Quão de pronto nossos pensamentos se atiram a um novo objeto, erguendo-o por um pouco, assim como formigas que carregam febrilmente uma lasca de palha e depois a abandonam...
Virginia Woolf
Virginia Woolf
A Marca na Parede. Esse é o título de um conto de Virginia Woolf (publicado em 1917), exemplo da sua escrita poética da existência. Enquanto olha um ponto preto na parede, o pensamento passeia pelos mais diferentes temas filosóficos da vida.
Sempre tive uma casa que parecia um mercado de artesanato. Por entre tantos quadros, posters, arte popular, recuerdos de viagem, cartões postais especiais emoldurados, cerâmicas, e tantos outros objetos de valor afetivo.
Como mudei de casa, tudo isso ficou embalado. Quando chego num lugar novo, e não cheguei em muitos, aprecio ficar um tempo com as paredes brancas. O silêncio das cores. O apaziguamento do olhar. E também para sentir o espaço. As paredes. Sem a interferência dos objetos, só o vazio a experimentar.
Nesse meio tempo, uma faxina. Casa de molduras, novos passpartout, vidros quebrados, quadros danificados, afinal não sou museu e não tenho a expertise para manter intactos as sombras e rastros de uma vida toda. Muita coisa rachou, literalmente, nesse tempo todo meu.
Mas, eis que chega uma hora que as caixas de papelão no meio da sala começam a incomodar. E a tarefa se impõe à minha frente: pregar os quadros nas paredes.
Como tudo na vida, existe um milhão de possibilidades em arrumar os quadros nas paredes.
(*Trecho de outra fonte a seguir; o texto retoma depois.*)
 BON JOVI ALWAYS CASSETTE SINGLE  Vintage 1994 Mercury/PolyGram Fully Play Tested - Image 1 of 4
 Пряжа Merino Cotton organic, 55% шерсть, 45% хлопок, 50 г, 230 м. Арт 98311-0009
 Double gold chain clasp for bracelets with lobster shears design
Separados, juntos, medidos, desiguais, combinando, des-combinados, ir-regulares ou não, cores, preto e branco, simétricos, assimétricos...
Como prego quadros? Acho que como um pintor, que vai experimentando as cores com a palheta, os pincéis, e a terebintina. Ou um poeta que pensa nas palavras, lê em voz alta, constrói aqui, para des-truir acolá. E como uma leitora impressionista, vou selecionando os maiores, os mais novos, os mais coloridos, e mais importantes para os espaços principais da casa. E vou pregando, sem medo, arrisco. E logo surge uma nova paisagem, com aqueles objetos que me acompanham toda a vida. Um espelho? Talvez! A minha nora, Bruna, quando entrou em casa, certa vez, à noite, exclamou: “Agora, está a sua cara!” E fiquei me perguntando qual a minha cara? Eu e as paredes? Eu e os objetos? Mas eles estão fora do lugar! Todos misturados. Outras composições. Mas mesmo assim, vou pintando a minha cara!
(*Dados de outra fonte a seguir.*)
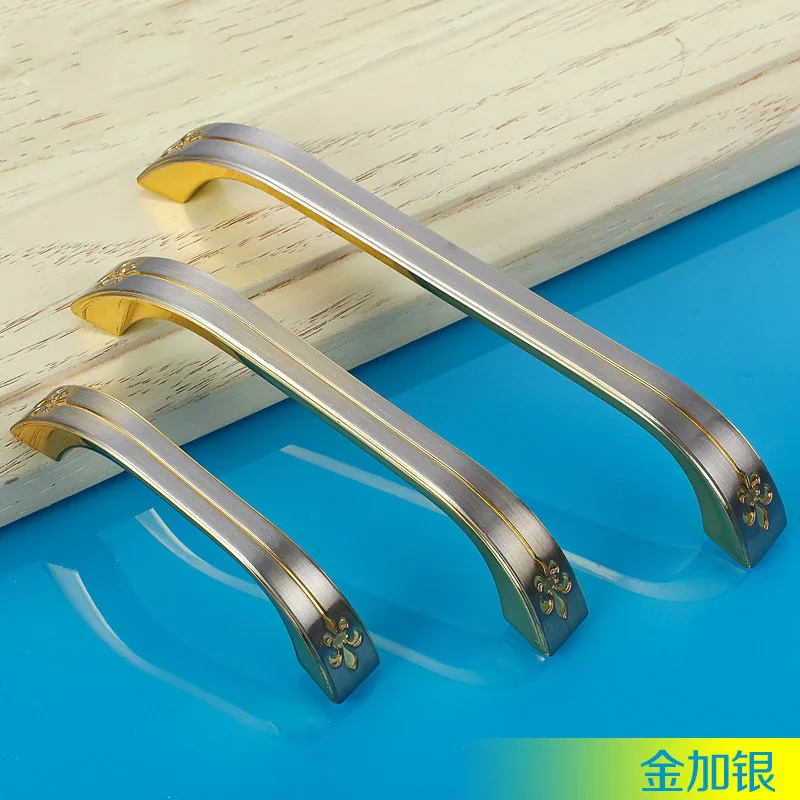 Дверные ручки Европейский стиль античная зеленая бронза потрясение дверная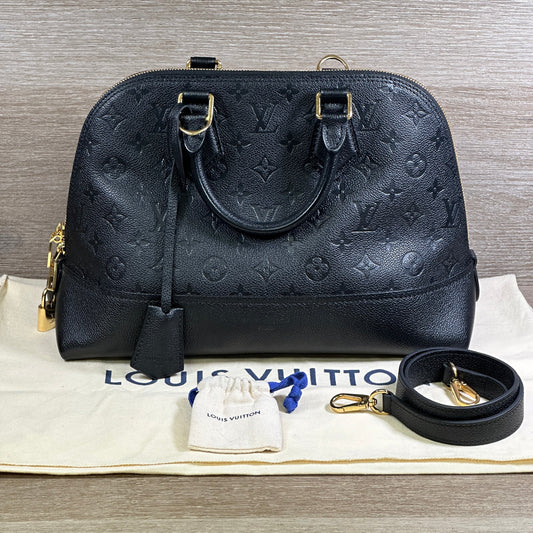Louis Vuitton Monogram Empreinte Neo Alma PM - Black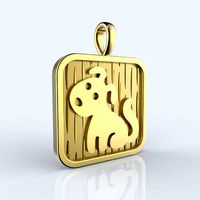 Chinese 12 animals zodiac pendant - Dog | 3D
Um pequeno cartão da Cornualha? Quero logo ali, à minha vista. Para não esquecer de um passeio de cinema – Polperro e as gaivotas. Os pratos de Miguel dos Santos, Maria dos Mares e Chico Ferreira? Na varanda, em meio às plantas. Onde me balanço olhando a lua. Ou simplesmente contemplo a rua. Os pássaros de Bento/Sumé? voando de uma prateleira à outra... ou até a alguns quadros de Flavio Tavares.
Assim como Woolf falando do pensamento, do conhecimento, da natureza e/ou simplesmente a olhar uma marca na parede, eu também tenho as minhas marcas. Nas paredes, ou nos objetos. E ao espalha-las pela casa aleatoriamente, uma nova ordem/vida se constrói. A minha. Única e intransferível. Poderia ser outras? Sim. Outras tantas! Assim como os caminhos que tomamos e as escolhas que fazemos – Corra Lola Corra!
“Ah! a marca na parede? Era um caramujo!”